For the past 12 years, Hugh Beykirch participated in the Tubac Center of the Arts' Open Studio Tours, a premier event of the year. As it turned out, the Ides of March 2020 literally brought down the curtain on the arts nationwide.
“The loss of contact with fellow artists was perhaps the hardest thing for me to swallow,” Beykirch says. Meeting regularly with a Critique Group at the Santa Rita Art League Studio had always been his incentive to produce and share at least one new work of art. Without that, plus the loss of exhibit venues, his productivity dwindled.
A boost in the right direction came for Beykirch when local artists Rich Metcalf and Deanna Brooks started the Southwest Artist monthly challenges.
“I participated in all but the first one. I’ve been painting more regularly … and have submitted to upcoming exhibits” in Green Valley and Tubac, he points out.
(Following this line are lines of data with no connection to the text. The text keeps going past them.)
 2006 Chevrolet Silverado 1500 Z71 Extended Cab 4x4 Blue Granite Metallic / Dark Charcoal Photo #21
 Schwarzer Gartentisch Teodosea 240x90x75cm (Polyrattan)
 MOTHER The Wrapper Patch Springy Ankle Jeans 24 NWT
“I look forward to the day when I can be part of and attend exhibits and performances in all of the arts,” he notes, as well as enjoying dark chocolate and a glass of red wine with his artist friends, the latter helping greatly in the earnest but frank judging of each other’s works.
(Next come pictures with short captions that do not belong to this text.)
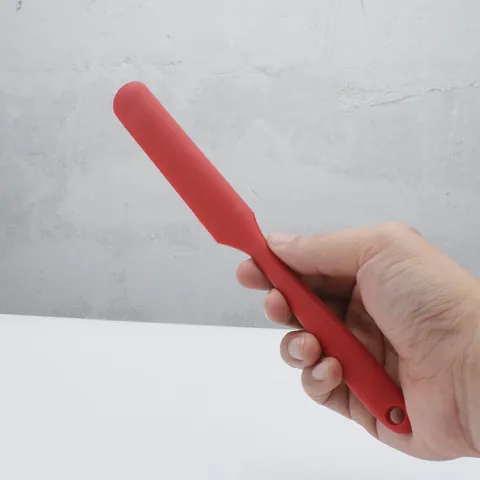 One-Piece Silicone Spatula Long Seamless Heat Resistant Baking Scraper For Butter Cream Mixing Spreading Kitchen Baking Tool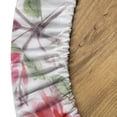 thumbnail image 5 of Ambesonne Flowers Vintage Fitted Round Tablecloth, Watercolor Leaves, 36"- 40" Diameter, Reseda Green Dark Pink, 5 of 5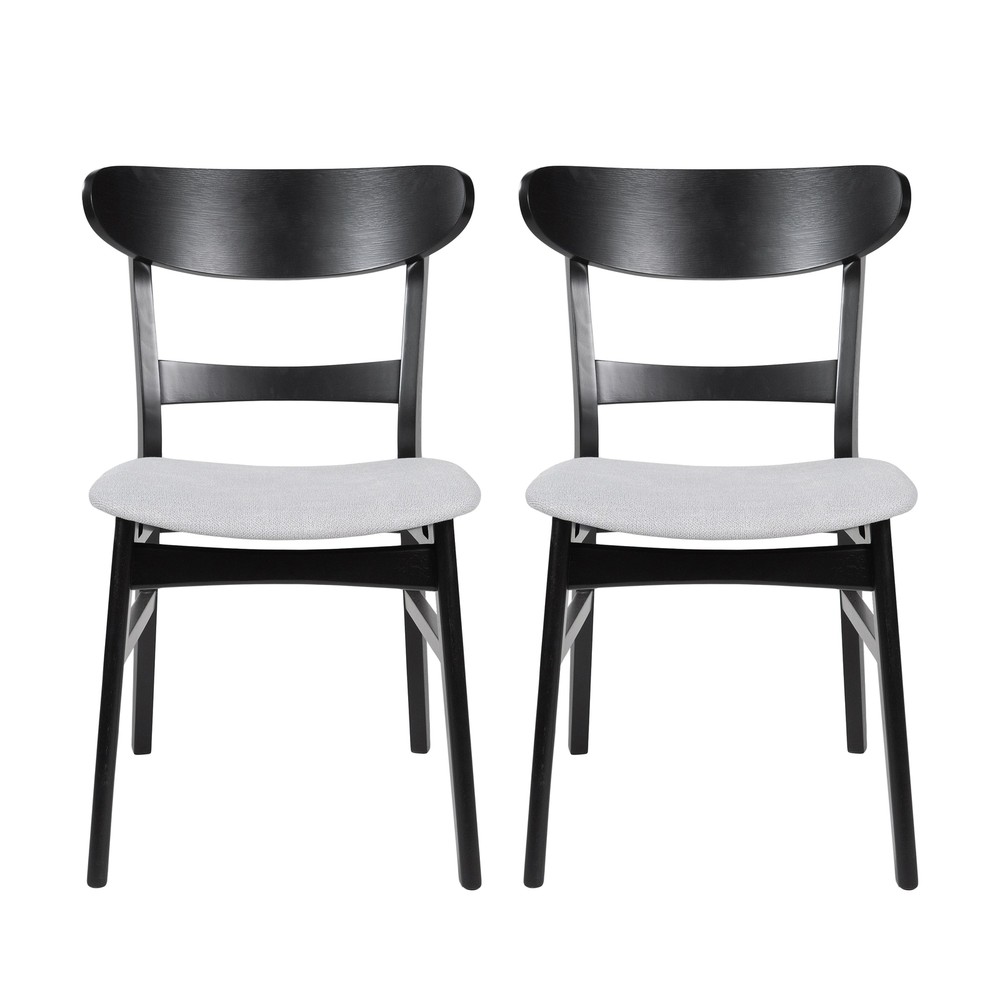 Sleek Modern Dining Chairs Set of 2 Elegant Comfortable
Local artist Pat Doughty knows conditions have made it difficult for many folks, and she her heart goes out to those in distress.
When her art show at the GVR East Center was locked up for three months this year, she missed group activities. But, Doughty says, “overall there have been many positive effects for me personally.”
It became her time to focus more on her art, do a lot of painting, and take art courses online that were not available before Zoom.
“I have been able to study with established artists across the country, in Maryland, Virginia, California, and even Australia without the travel and expense of an in-person workshop,” she points out.
It's her way of homing in on the positive!
Artist Layne Cook and her husband definitely miss their “old life” with its social occasions and travel since the pandemic struck but, all things considered, they dealt well with it at their summer home in Seattle and now in Green Valley.
“I removed my work from a gallery that wasn't well positioned to deal with the pandemic and went with one that was making changes to maximize exposure and sales while still following guidelines in the gallery space. Preparing for that show consumed much of my time over the summer. That was a good thing!” she says.
Over the summer she decided to rework paintings that had possibilities or paint over ones that simply weren't working. Cook also decided to give a bunch of paintings and clay pieces to a friend who was raising money for a local program to help the homeless, a nice option during the pandemic.
“In our current turbulent times, I gravitated toward retro and nostalgia in my subject matter, especially from my 'growing up' years in the '50s. In any case, the paintings in the show have received lots of positive attention from viewers — even young people — who enjoy thinking about "simpler times,” she says.
Cook misses the interaction with other creative people, and hopes the GVR clay studio and Santa Rita Art League space will open soon.
“In the meantime, I will continue to paint and send paintings off to the galleries. I think I have become a better painter during the COVID, and I hope to continue to hone my skills.”